In 2007, he appeared in the comedy film Epic Movie as the character Chanchito. The movie earned a score of 2% on Rotten Tomatoes, from 66 reviews. Jamie Russell of BBC referred to it as "the most excruciating, unfunny film you'll see this year...if not your entire lifetime".

In September 2009, he began playing Manny Delgado in Modern Family. His role was said to be "crazy hard" to cast by co-creator Steve Levitan. In 2010, he said he is sometimes nothing like Manny, although he also named some similarities between them. Later, in 2016, Rodriguez said he had "grown into the character", finding more in common with him. For the role, he was nominated eight times, along with the rest of the cast of Modern Family, for the Screen Actors Guild Awards, winning four of them.

The same year Modern Family was released, he also appeared in a season six episode of NCIS as Travis, a boy who discovers a gun and dead body.

He wrote a book that was published in November 2012, titled Reel Life Lessons... So Far.
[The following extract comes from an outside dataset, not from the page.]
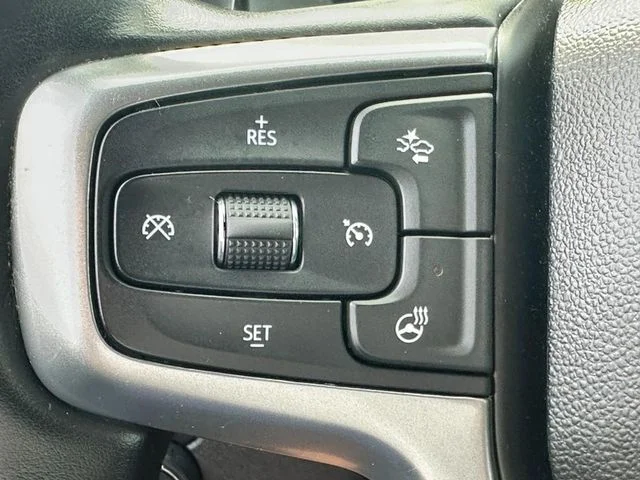 Used 2024 Summit White Chevrolet RST image 43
Among other things, he discusses what it was like having Sofía Vergara as his character's mother on Modern Family, writing that she treats him like he were her own son.

In 2015, Rodriguez played the character of Jose in Endgame, a coming-of-age film about a Mexican middle-schooler who joins a chess team. It received a score of 50% on Rotten Tomatoes, based on eight reviews.

Rodriguez later voiced a character named Raha in The Lion Guard, part of The Lion King franchise, which ran from 2016 to 2019. The show's cast also included Modern Family co-star Sarah Hyland.

In 2016, Rodriguez played a parrot named Cuco in the animated film El Americano: The Movie. Its director, Ricardo Arnaiz, was very pleased with the casting.

Modern Family ended after eleven seasons in April 2020. He announced on Instagram that "words cannot even begin to describe the life-changing experience I have had on this show". Since then, he has made appearances as himself on The Substitute and Unfiltered, both on Nickelodeon.

Personal life
Rodriguez is a Houston Rockets fan. He has described himself as an avid reader.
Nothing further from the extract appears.